La belleza es vocación de silencio. Esa paradoja y esa escisión es lo único relevante como materia poética, asumido desde la oscuridad como metáfora. El poeta entabla una relación difícil con la belleza (que se halla siempre más allá del resplandor) porque él mismo no sabe cómo buscarla ni cómo tratarla. Se abren intervalos en los que la distancia permite entonces rehacer el viaje y preparar el regreso, ofreciendo siempre un nuevo comienzo y una nueva búsqueda. El poeta entonces interpela a la belleza, tuteándola: “interrumpida la plática, vuelvo a hablar contigo de la partida y el regreso”. La distancia fue extravío y sólo después de abrir los ojos se encontró en su ufana locuacidad estéril. Este darse cuenta de la necesidad de recogerse, de reunirse uno en sí mismo, nuevamente, pero después del arduo viaje, es lo que permite algún grado de expresión que pueda verdaderamente decirse. “Todo sucedió a vuelo de pájaro, belleza: a la vez mundo compacto, cerrado y libre”. Del diálogo con ella lo que se subraya es la elipsis, la omisión, el silencio; de esa metáfora es que nacerá, espontáneo y auténtico, el encuentro necesario: “te busqué de verdad, lamía en la sombra tus huesos, santa perra”. Pocos versos tan instalados en nuestra memoria poética contemporánea como este. La imagen finalmente ha logrado saberse imagen (Lezama) y la emisión poética se ha posado en nosotros como algo más que fugaz destello.
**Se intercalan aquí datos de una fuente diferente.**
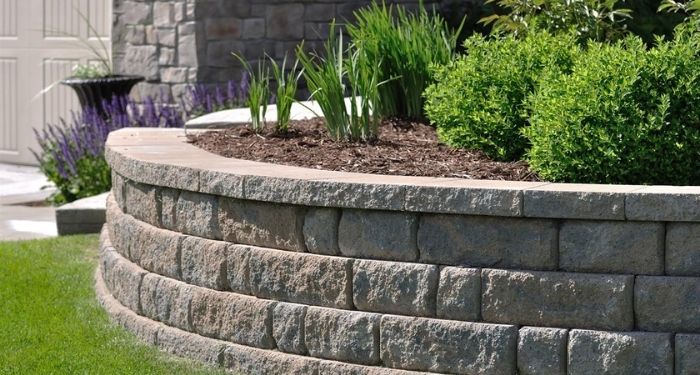 round stone garden wall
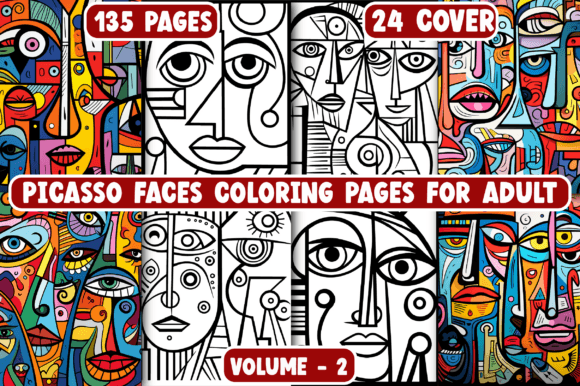 135 Picasso Faces Coloring Pages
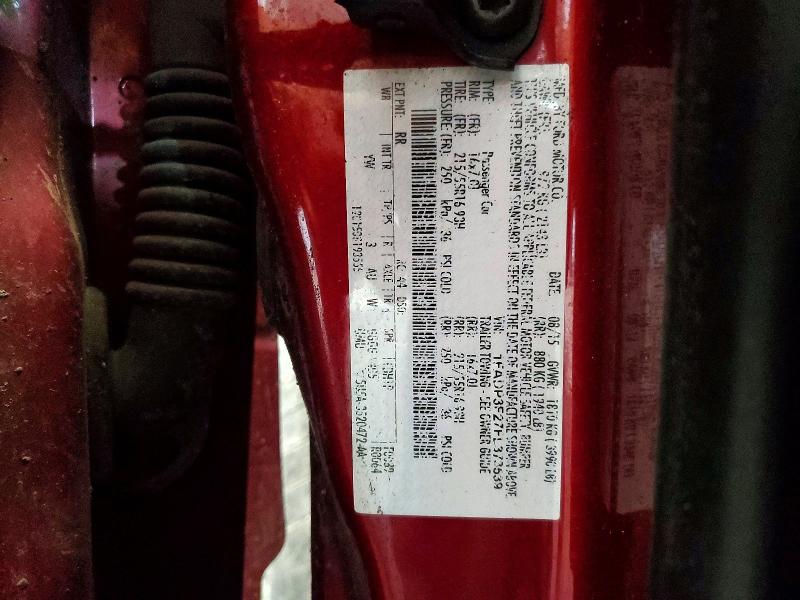 66723506 :رقم المزاد ، 1FADP3F27FL373539 vin ، 2015 Ford Focus مزاد بيع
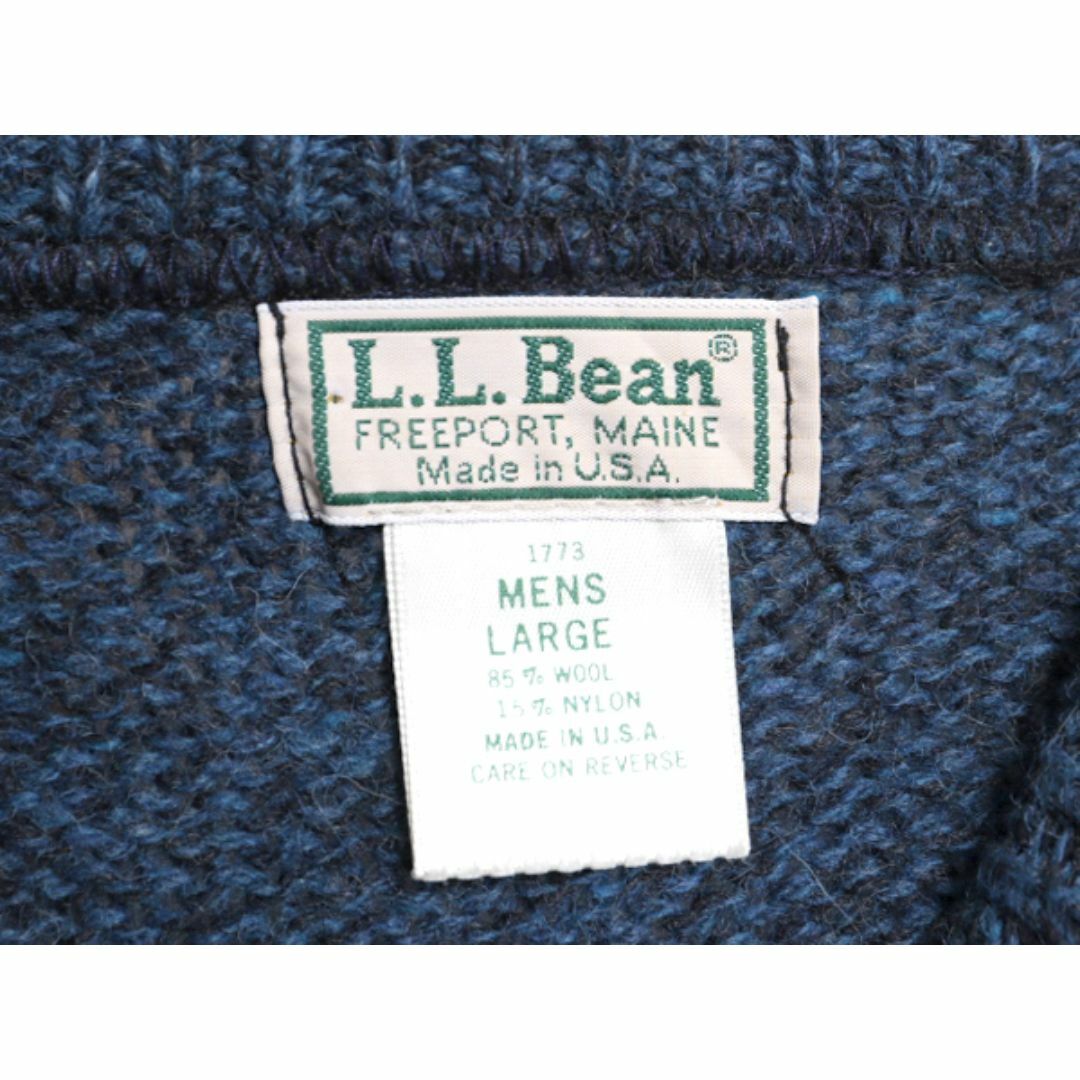 超熱 L.L.Bean セーター ニット ウール エルエルビーン USA製 80s - 男性用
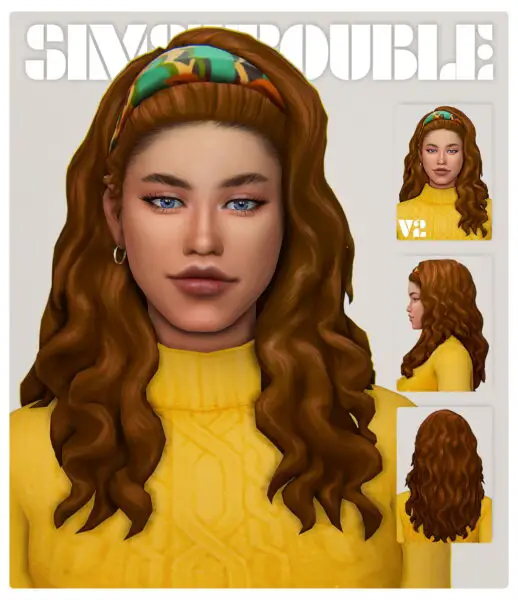 Simstrouble: Darlene Hair for Sims 4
La poesía de Juan Sánchez Peláez, cada vez más perdurable, vuelve a publicarse en España, gracias a la Fundación para la Cultura Urbana, en Caracas, y a la Colección de Poesía de Visor, en Madrid, que han emprendido un importante proyecto de revitalización de la poesía venezolana. Esta Antología poética, preparada por Marina Gasparini Lagrange y con prólogo de Alberto Márquez, reúne una muestra elocuente y representativa de su obra poética, que tanta redifusión y lectura merece. También aparece en España, gracias a editorial Pre-textos, la Antología de poesía venezolana del siglo XX titulada Rasgos comunes (en alusión al poemario homónimo de Sánchez Peláez) preparada por Antonio López Ortega, Miguel Gomes y Gina Saraceni. Asimismo, en 2016, salió publicada la traducción llevada a cabo (nunca mejor dicho) por Guillermo Parra del libro Aire sobre el aire (Air on the air) bajo el sello de Black Square Editions. La convulsión de nuestro tiempo no ha podido disminuir el impulso de revaloración de la poesía venezolana y los afectos por las manifestaciones destacadas de nuestra sensibilidad. Estas iniciativas sólo son posibles gracias a un tenaz esfuerzo de los incondicionales que nunca esperan nada a cambio. Todavía no sé de una actividad que, en tiempos aciagos, sea a la vez tan necesaria, reveladora e inquietante para el espíritu humano como la lectura de poesía.

Muchas ánimas nos preguntan

si nuestro extravío es pasajero,

si aquello durará o no

y nos indican la ruta verdadera

siempre atentas

y con palabras que se agitan

entre la niebla

en nuestras costas difíciles y tormentosas.